Wow, what a story. I am really touched by the sensitivity, respect and kindness of Tim Kreider and his friends. What a lovely and decent human being!! I have known liars and they are an odd bunch. The funny thing is when some of their outlandish tales turn out to be true! Anyways, great story and comments. All the best, Anna

Sep. 26 2012 06:18 AM
Hillary

While I never knew the man & only know of the story from this radio show, I humbly put forth what I consider a more likely scenario than that postulated by Mr. Kreider (ie, that Skelly was profoundly mentally ill all the time they were friends but carefully concealed his severe pathology for years). In my professional experience as a clincial psychologist, I would suggest that yes, Skelly had probably been living with mental illness for quite some time, but the severity of illness was rarely at the degree at which they learned of post-mortem. It is probable that he struggled perhaps with mood disorders that were serious but more or less manageable for much of his life, yet only rarely (if ever, prior to the last period of his life) were his episodes tinged with psychotic features. Mood & thought disorders tend to wax and wane over the lifespan; this is a common clinical feature of these illnesses. In my experience, the more plausible scenario is that it was only after the death of his mother that Skelly had a break with reality. At least this is what I've seen in many severely mentally ill individuals, some of whom did eventually take their lives -- a major stressor (often a loss) precipitates a severe episode. I would also venture to guess that Skelly's dear friendships very likely prolonged not only the quality of his life but also the length of his life. Strong relationships are an incredibly important protective factor against psychiatric symptomatology. It is possible his friendships may have actually kept him alive longer than he would have otherwise lived.

Sep. 25 2012 10:37 PM
Julie

Why does anyone not bring up the fact in this story that it is just as likely his MOTHER was the hoarder in this situation?

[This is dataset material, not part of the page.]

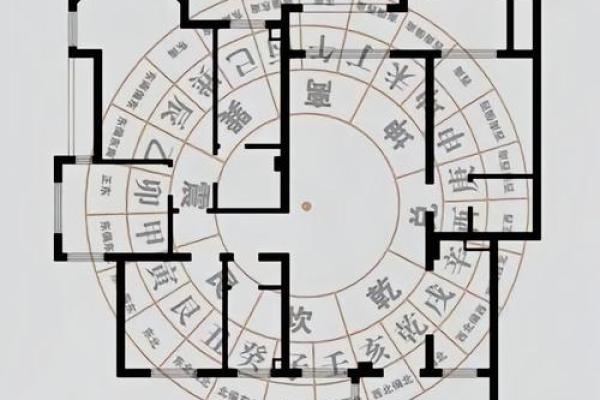 住宅风水健康的布局有哪些 住宅风水健康的布局有哪些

People can live in hoards - without plumbing, without electricity - for YEARS. It is just as likely that his mother was the one who was mentally ill and once she died he just never cleaned up. I mean, of course it's possible that all of this happened after she died but his behavior - sleeping at other locations, spending a lot of time away from the house - is sort of behavior that's more commonly attributed to someone who lives in a hoard but isn't a hoarder themselves.